The 6th Battalion was among the first infantry units raised for the AIF during the First World War. Like the 5th, 7th and 8th Battalions, it was recruited from Victoria and, together with these battalions, formed the 2nd Brigade.

The battalion was raised within a fortnight of the declaration of war in August 1914 and embarked just two months later. After a brief stop in Albany, Western Australia, the battalion proceeded to Egypt, arriving on 2 December. It later took part in the ANZAC landing on 25 April 1915, as part of the second wave. Ten days after the landing, the 2nd Brigade was transferred from ANZAC to Cape Helles to help in the attack on the village of Krithia. The attack captured little ground but cost the brigade almost a third of its strength. The Victorian battalions returned to ANZAC to help defend the beachhead, and in August the 2nd Brigade fought at the battle of Lone Pine. The battalion served at ANZAC until the evacuation in December.

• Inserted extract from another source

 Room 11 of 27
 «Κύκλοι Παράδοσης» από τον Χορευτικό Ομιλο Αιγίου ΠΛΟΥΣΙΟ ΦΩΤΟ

After the withdrawal from Gallipoli, the battalion returned to Egypt. In March 1916, it sailed for France and the Western Front. From then until 1918 the battalion was heavily involved in operations against the German Army. The battalion’s first major action in France was at Pozières in the Somme valley in July 1916. After Pozières the battalion fought near Ypres, in Flanders, returning to the Somme for winter. In 1917, the battalion participated in the operations that followed-up the German withdrawal to the Hindenburg Line, and then returned to Belgium to join the great offensive launched to the east of Ypres. During the battle of Menin Road in September 1917, Lieutenant Frederick Birks earned the 6th Battalion’s only Victoria Cross. Birks was killed by a shell burst the next day while trying to rescue men buried during a bombardment.

In March and April 1918 the battalion helped stop the German spring offensive and later participated in the Allies’ own offensive, launched near Amiens on 8 August 1918. The advance by British and empire troops was the greatest success in a single day on the Western Front, one that German General Erich Ludendorff described as “the black day of the German Army in this war”.

The battalion continued operations until late September 1918. At 11 am on 11 November 1918, the guns fell silent. The November armistice was followed by the peace treaty of Versailles signed on 28 June 1919.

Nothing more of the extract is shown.